Arthur and Polak [4] (A&P) also simulate technological evolution. Their technolo-
gies have a real-world meaning: they are designs for Boolean logic gates, made up of
combinations of component technologies, beginning from a base technology, the
NAND gate. Each time step a new combination of existing technologies is created
and evaluated for how well it generates one of a fixed list of desired logic functions. If
it replicates desired functions satisfied by a previously created technology, and is less
expensive, where cost is defined as the number of component instances of the base
technology, NAND, then the new technology replaces in memory the technology with
the equivalent function and higher cost. The replaced technology may have been used
as a component technology in the construction of other technologies, in which case it
is replaced in them as well. The total number of replacements resulting from the
newly created technology is its innovation size. As with the previous model, A&P
find example parameter settings in which the frequency distribution of innovation
sizes tends towards being scale-free.
The model for Simulating Knowledge dynamics in Innovation Networks (SKIN)
[5, 27, 28] simulates a dynamic population of firms. Each firm possesses a set of
units of knowledge, called kenes, and a strategy, called an innovation hypothesis (IH),
for combining several kenes to make a product. Input kenes not possessed by the firm
must be sourced from a market supplied by the other firms. Each kene is a triple of
numbers, representing a capability, an ability and expertise.
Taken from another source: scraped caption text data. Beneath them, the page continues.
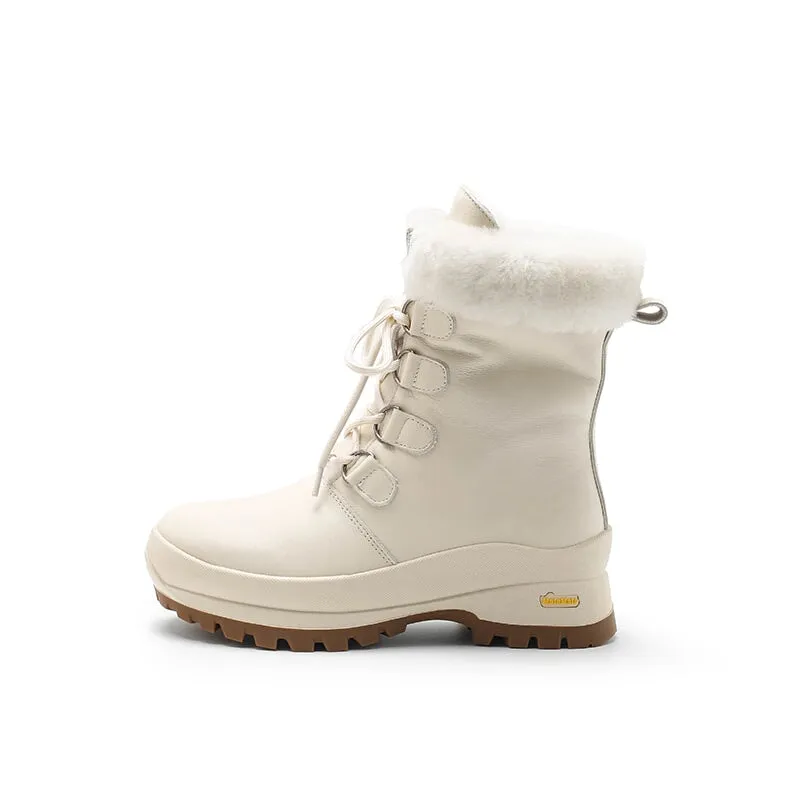 Women Leather Chunky Boots With Shearling Lined in Apricot/Beige Snow Hiker Boots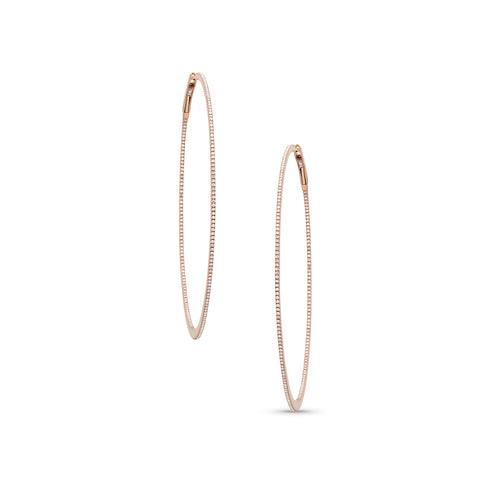 extra large diamond razor hoop earring 2.5 inch in rose gold <span class='visuallyhidden'>Call, text 323-404-2959 for shopping help.</span>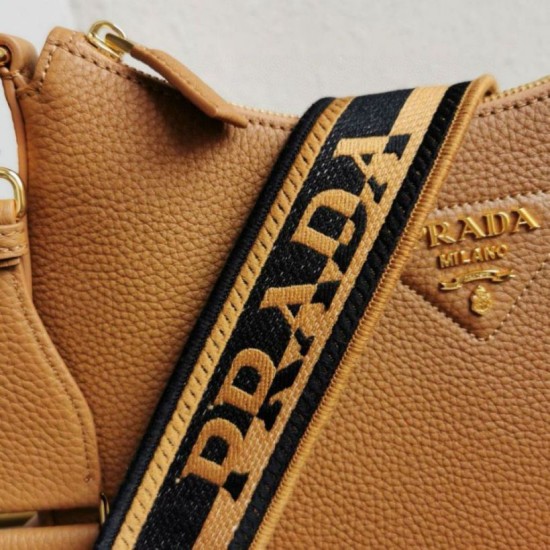 Replica Prada Shoulder Bag Grained Brown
Products are created as a
normalised sum-product of capabilities and abilities of the kenes in the IH, and given
a level of quality based on a sum-product of the same kenes' abilities and expertise.
Firms lacking a market for their products can perform incremental research to adjust
their abilities, radical research to swap a kene in their IH for another kene, or enter an
alliance or partnership with another firm to access that firm's kenes. Expertise scores
increase in kenes when they are used, but decrease when not in use, and kenes with 0
expertise are forgotten by the firm. Partners are chosen based on past experience of
partnership, customer and supplier relations, and the degree of similarity in kenes to
the choosing firm. Regular partners may unite to form an innovation network, which
then can create extra products in addition to those produced by its members. Products
on the markets have dynamic prices reflecting recent supply and demand, research has
costs, and firms' behaviour reflects their wealth.